◆ **Materials provided**:
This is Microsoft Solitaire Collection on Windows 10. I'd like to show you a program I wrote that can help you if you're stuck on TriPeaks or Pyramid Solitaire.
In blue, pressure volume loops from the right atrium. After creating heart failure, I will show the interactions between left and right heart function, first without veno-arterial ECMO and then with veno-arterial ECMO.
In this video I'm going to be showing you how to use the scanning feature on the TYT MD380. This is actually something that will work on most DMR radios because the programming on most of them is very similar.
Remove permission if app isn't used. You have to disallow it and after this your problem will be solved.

---

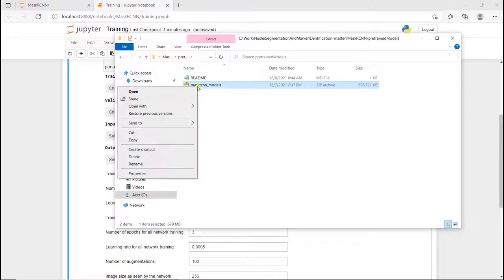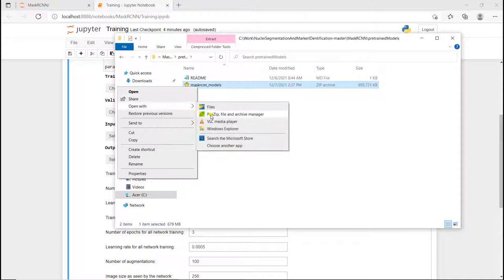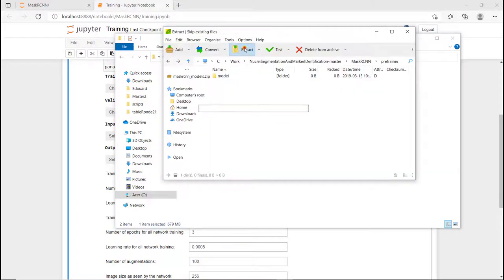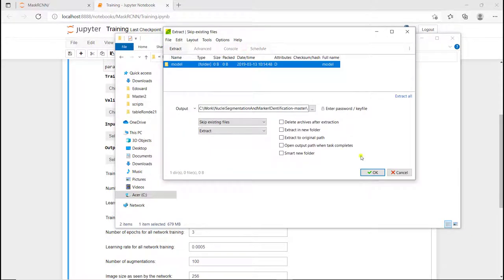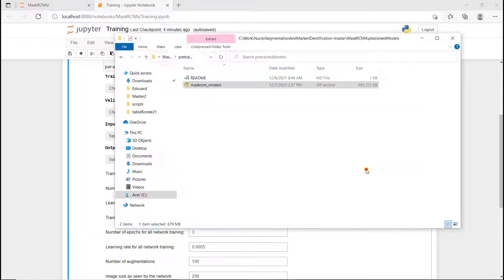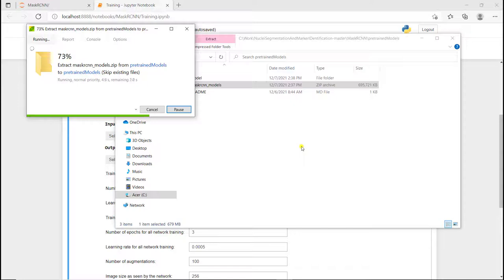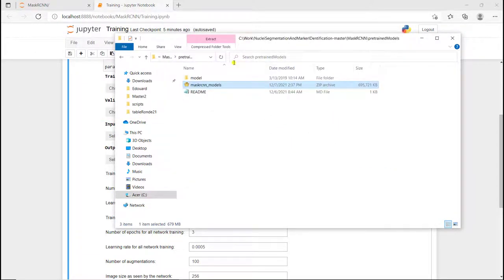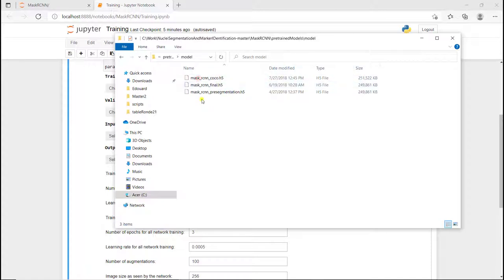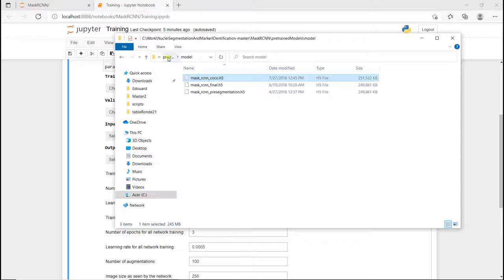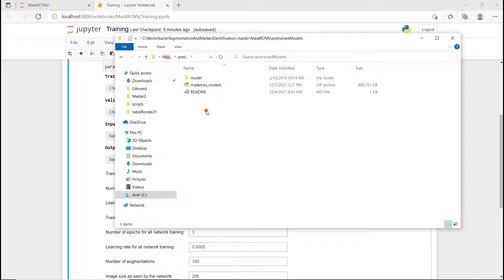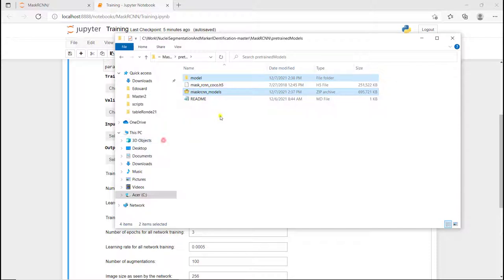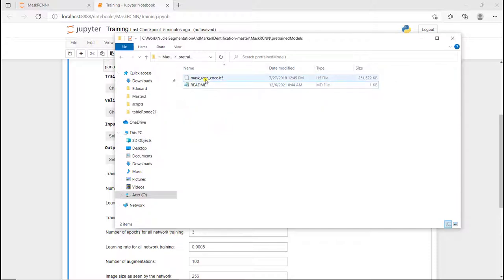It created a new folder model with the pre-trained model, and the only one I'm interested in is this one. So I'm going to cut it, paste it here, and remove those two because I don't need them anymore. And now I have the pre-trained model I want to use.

◆ **Work item**: Precisely the lines between those holding "In this video" and "Remove permission if", inclusive, are to be reproduced from the listing above, with nothing added.

◆ **Worked solution**:
In this video I'm going to be showing you how to use the scanning feature on the TYT MD380. This is actually something that will work on most DMR radios because the programming on most of them is very similar.
Remove permission if app isn't used. You have to disallow it and after this your problem will be solved.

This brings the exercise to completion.